Этой задаче объективно служит и насажденный суфиями — помимо официального ислама и в известной мере наперекор ему — культ святых. Большинство суфийских святых — местночтимые; как правило, это люди «своего» племени и «своей» культуры. Кубба, гробница святого, является не только предметом поклонения, но нередко также и местом постоянных молитвенных собраний. Как и в христианстве, святой выступает в качестве покровителя простых смертных, заступника их перед Богом. В тех краях, где ислам вытеснил христианство, фактически сохранился культ некоторых христианских святых в новом обличье; так, св. Георгий Победоносец и св. Сергий (мученик, приявший смерть за веру в Кесарии Каппадокийской в 304 году) под другими именами стали суфийскими святыми.
Хотя суфии всегда старались ладить с официальным исламом и в тарикате усматривали никоим образом не альтернативу шариату, а лишь дополнение к нему, тем не менее всегда существовала определенная напряженность в отношениях между ними и богословами-начетчиками, способными видеть «не дальше алифа» (первая буква арабского алфавита, означающая также «Единый», то есть Аллах). Всемирность ислама для последних означает, что слово Корана должно звучать как бы поверх мира сего (в этой гулкой пустоте сегодня получил развитие ваххабизм). Напротив, художественно-мистическое, позволительно так его назвать, мышление суфиев объемлет мир сей и возвышается над ним одновременно.

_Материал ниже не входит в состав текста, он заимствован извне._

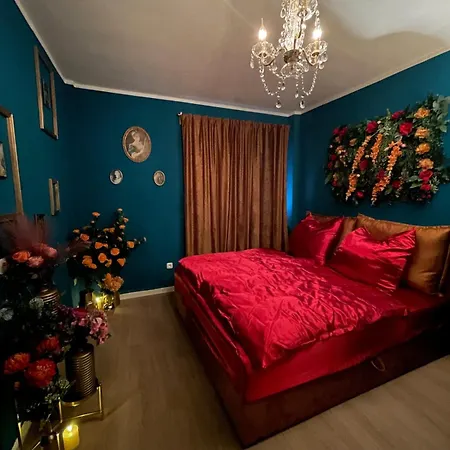 Apartamento Historic Vintage With Jacuzzi & Sauna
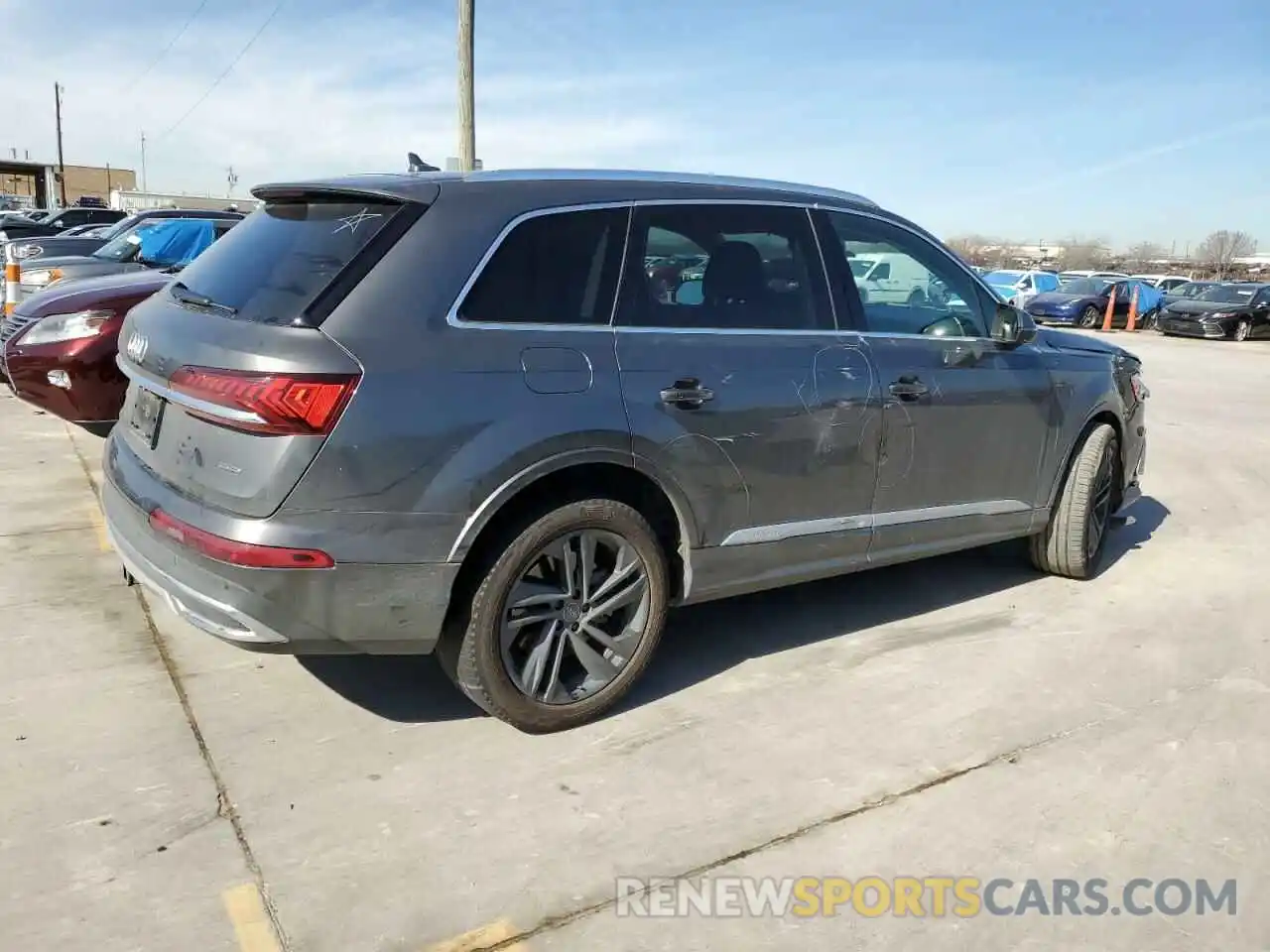 3 Photograph of a damaged car WA1AXAF71LD005113 AUDI Q7 2020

Не случайно название самого распространенного на территории бывшего СССР, равно как и нынешней России, суфийского братства, Накшбандийя, выводится из слова накшбанди, «художники» (существуют, правда, и другие версии его этимологии).
Братства росли под звуки суфийских стихов и песен, которые слагались на языке, в буквальном и переносном смысле местному населению понятном и родном. Суфии использовали уже сложившийся фольклор, по-своему его просветили и одухотворили, тем самым дав сильнейший толчок дальнейшему его развитию. К примеру, татарские мунаджаты (арабское слово, означающее «беседа с самим собою») или казахские дастаны (персидское слово, означающее «поэма», «история») содержат, как говорят исследователи, доисламский пласт, но в большей своей части представляют суфийское по духу творчество. Многие произведения фольклора народов Турана развивают некоторые темы суфийской поэзии вроде темы Лейлы и Меджнуна или просто пересказывают стихи известных суфийских поэтов.
Случалось, что во главе братств становились шейхи, более всего известные именно в качестве поэтов. Так, Руми, чья кубба сохраняется в анатолийском городе Конье (куда шейх прибыл издалека специально ради общения с монахами тамошнего христианского монастыря), стал основоположником едва ли не самого знаменитого из суфийских братств — «Кружащихся дервишей» (члены этого братства исполняют экстатический танец, имитирующий движение небесных сфер).
Братства в принципе — интернациональные организации, но внимание, какое уделяет суфизм психологическому «рельефу» каждого отдельного племени, способствовало тому, что под сенью его складывалось самосознание различных племен и народов. Туркмены, например, в этом смысле считают себя обязанными шейху Махтумкули, поэту, которого они ставят рядом с пророком Мухаммедом и чьи стихи, как говорят, нередко заменяют им Коран.
Спуск «в народ» имел для суфизма не только положительную, но и отрицательную сторону: некоторые его элементы неизбежно подверглись упрощению и огрублению, а то и прямому искажению. Так, своеобразное «таинство» суфиев, состоящее в ритуальном экстатическом танце (зикр) — возможно, изначально рискованном в духовном смысле, поскольку рискованны всякие обращения к стихиям, — местами, особенно в тех краях, где еще не умерло шаманство, выродилось в подобие языческого радения (знакомого и некоторым христианским, в частности протестантским, сектам — выразительное описание одного такого радения дал Марк Твен в «Жизни на Миссисипи»). Удивительно ли, что оставленные о нем свидетельства крайне разноречивы?[12]